[Image-caption web data]
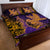 Hawaiian Volcano and Shark Quilt Bed Set Polynesian and Hibiscus Pattern Purple Yellow Gradient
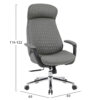 ΚΑΡΕΚΛΑ ΓΡΑΦΕΙΟΥ VELUM HM1233.10 ΓΚΡΙ PU--ΒΑΣΗ ΧΡΩΜΙΟΥ 71x69x116-122Υεκ.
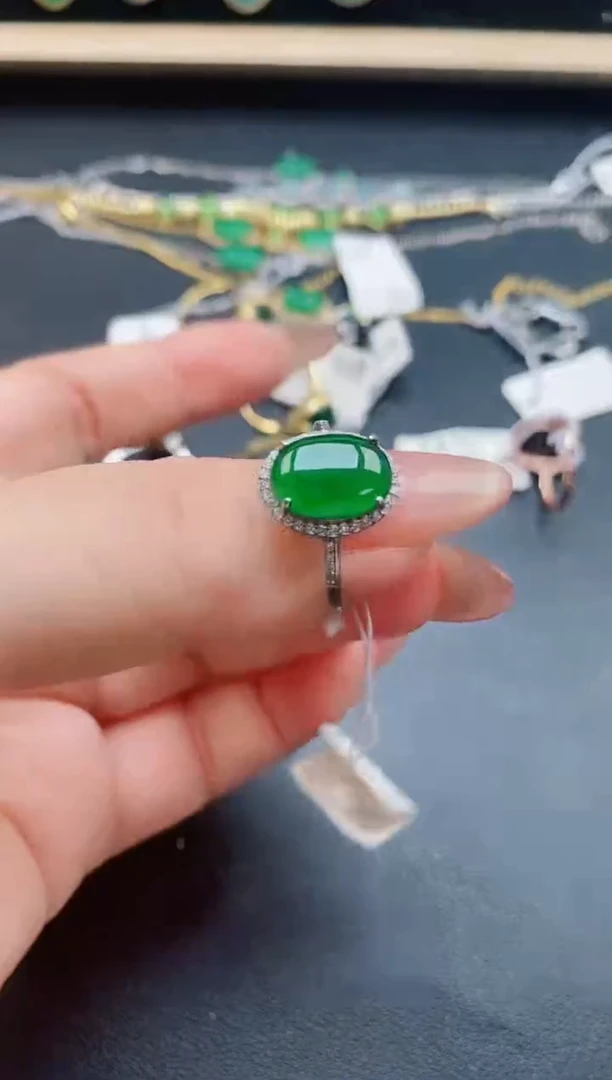 翡翠戒指银S925镶嵌21321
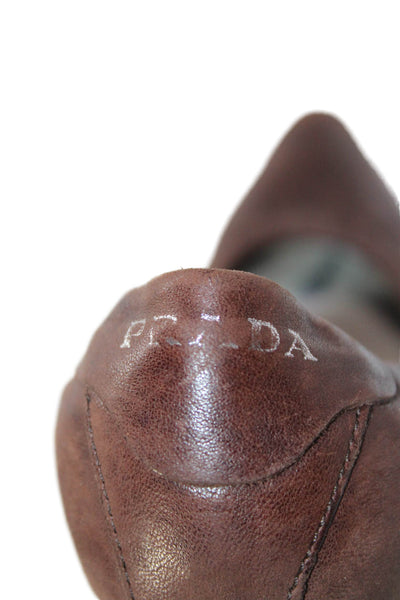 Prada Sport Womens Leather Pointed Toe Pumps Saddle Brown Size 8.5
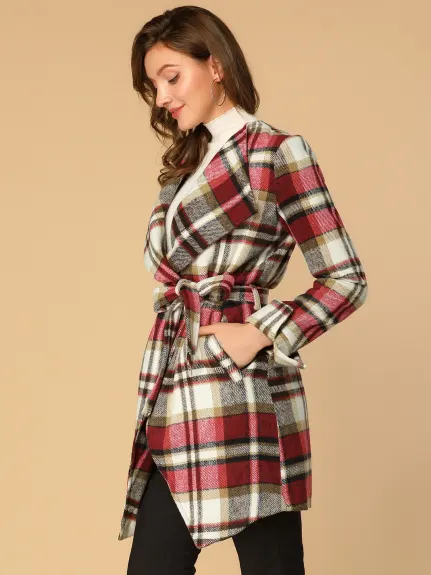 Allegra K- Shawl Collar Belted Asymmetrical Hem Plaid Coat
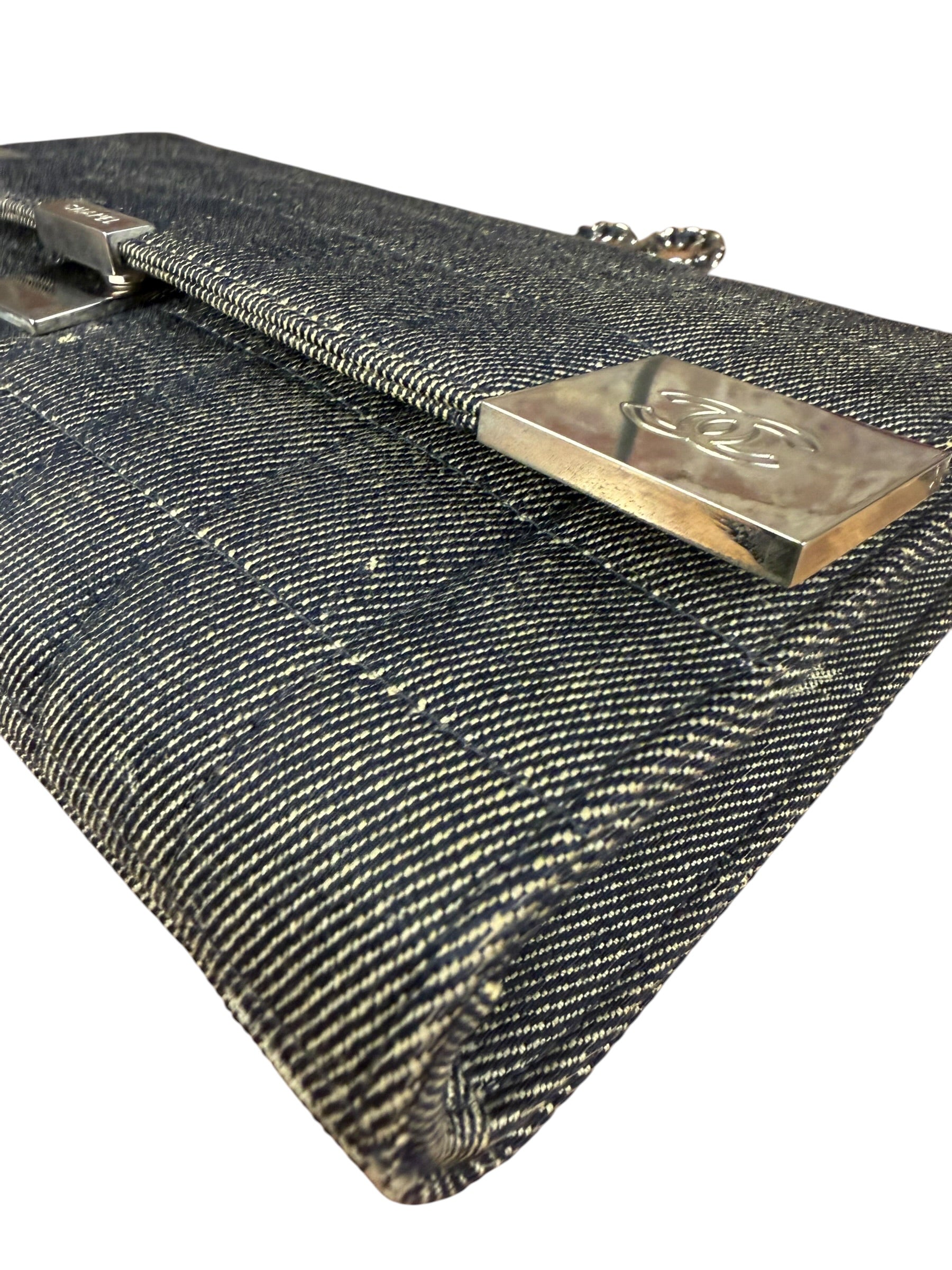 Chanel Denim Chocolate Bar Chain Flap Bag 2002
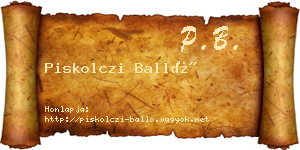 Piskolczi Balló névjegykártya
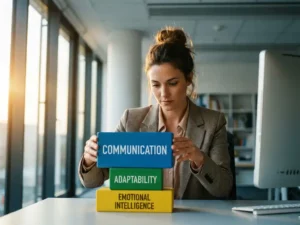 Professionele vrouw rangschikt kleurrijke houten blokken met soft skills concepten in modern kantoor met natuurlijk licht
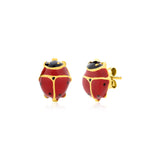 14K Yellow Gold Lady Bug Earrings-rx63630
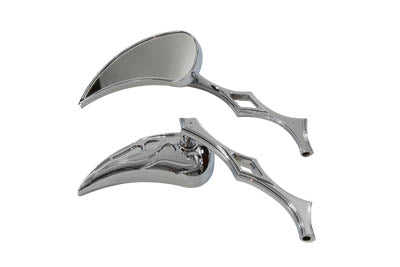 HARLEY Chrome Billet Teardrop Mirror Set Fits 1965-UP All, models for left and right side applicatio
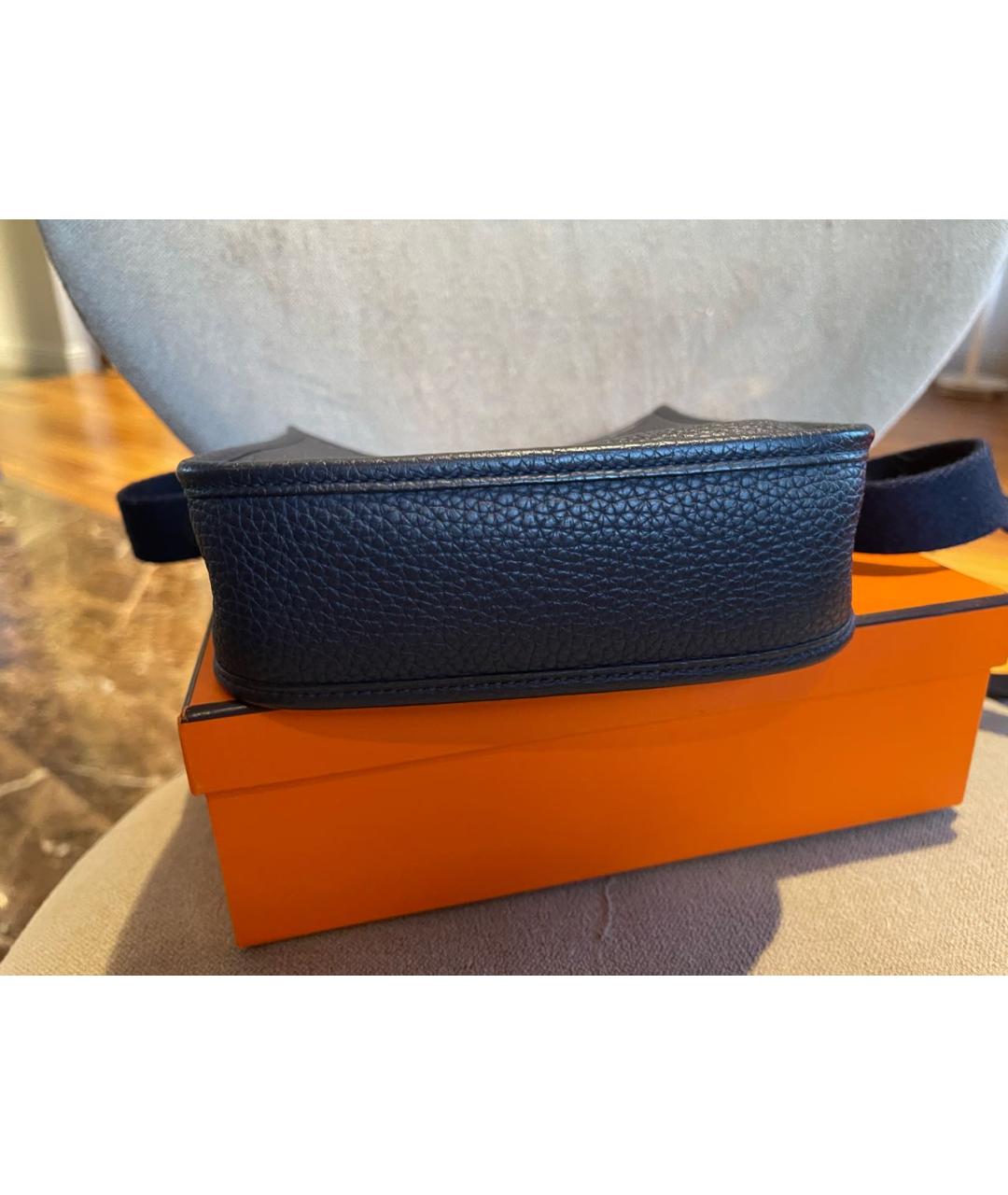 HERMES Темно-синяя кожаная сумка через плечо, фото 5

▶ _Exercise instructions_
Transcribe, word for word, the stretch of lines in the data above from the one with "ΚΑΡΕΚΛΑ ΓΡΑΦΕΙΟΥ VELUM" through the one with "14K Yellow Gold Lady Bug Earrings-rx63630"; omit all pictures.

▶ _Answer to the exercise_
 ΚΑΡΕΚΛΑ ΓΡΑΦΕΙΟΥ VELUM HM1233.10 ΓΚΡΙ PU--ΒΑΣΗ ΧΡΩΜΙΟΥ 71x69x116-122Υεκ.
 翡翠戒指银S925镶嵌21321
 Prada Sport Womens Leather Pointed Toe Pumps Saddle Brown Size 8.5
 Allegra K- Shawl Collar Belted Asymmetrical Hem Plaid Coat
 Chanel Denim Chocolate Bar Chain Flap Bag 2002
 Piskolczi Balló névjegykártya
 Professionele vrouw rangschikt kleurrijke houten blokken met soft skills concepten in modern kantoor met natuurlijk licht
 14K Yellow Gold Lady Bug Earrings-rx63630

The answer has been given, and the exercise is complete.